(Saved data entries)
········
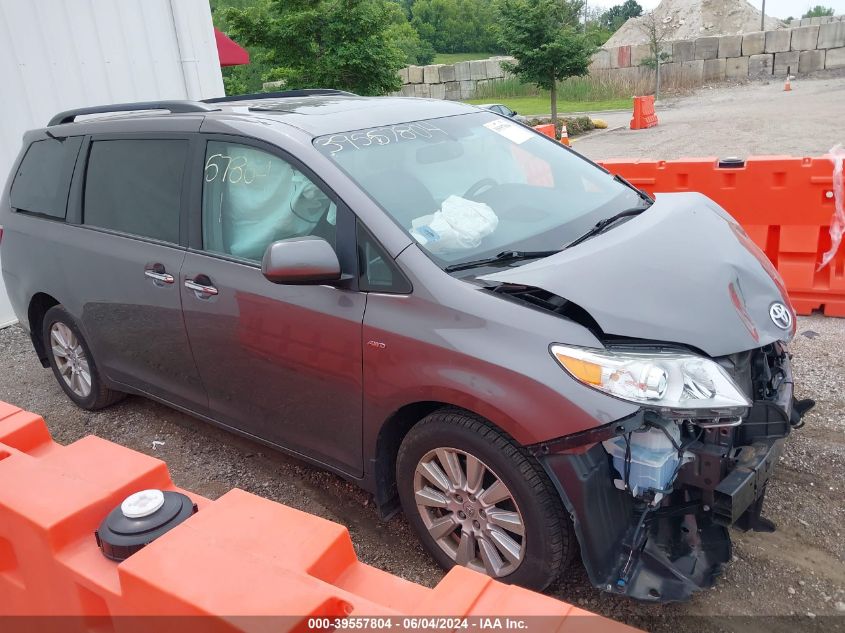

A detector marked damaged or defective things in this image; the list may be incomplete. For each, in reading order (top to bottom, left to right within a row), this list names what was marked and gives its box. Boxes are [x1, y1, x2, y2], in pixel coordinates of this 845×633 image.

damaged toyota sienna [3, 91, 816, 600]
broken headlight [552, 344, 748, 418]
crumpled front bumper [536, 350, 804, 604]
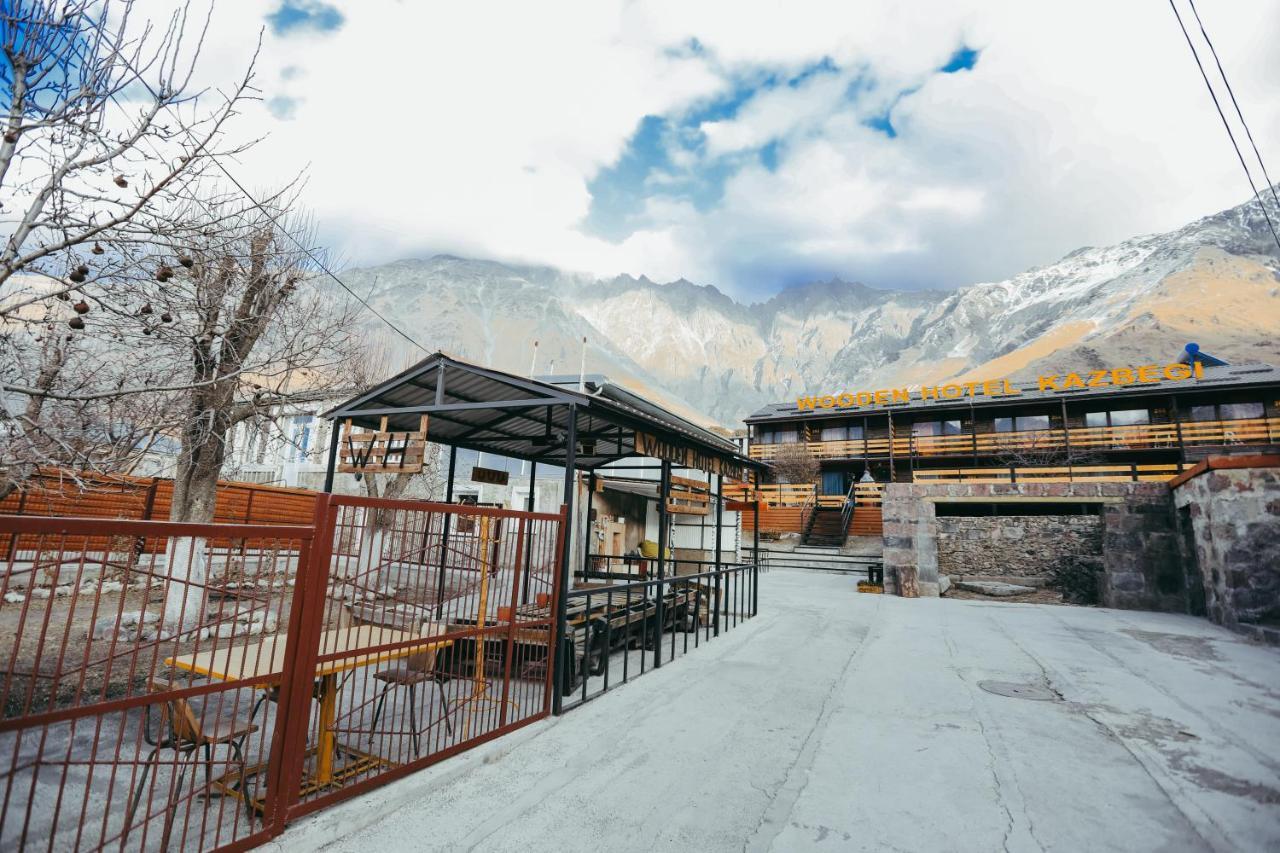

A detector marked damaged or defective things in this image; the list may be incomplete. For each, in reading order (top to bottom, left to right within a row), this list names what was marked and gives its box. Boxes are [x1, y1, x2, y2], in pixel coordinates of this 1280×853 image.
········
(TASK REQUIREMENTS) Copy out the records exactly. Do not include the pictures.

(EXERCISE OUTPUT)
A detector marked damaged or defective things in this image; the list may be incomplete. For each, in reading order (top to bottom, left to right within a row), this list names what was marked and gives its box. Boxes are [x1, y1, x2, y2], in pixel coordinates of this 845×633 image.

damaged toyota sienna [3, 91, 816, 600]
broken headlight [552, 344, 748, 418]
crumpled front bumper [536, 350, 804, 604]

A detector marked damaged or defective things in this image; the list may be incomplete. For each, in reading order (top to bottom, left to right within a row), this list names what was marked and gives its box. Boxes are [x1, y1, x2, y2], in pixel coordinates of this 1280×853 image.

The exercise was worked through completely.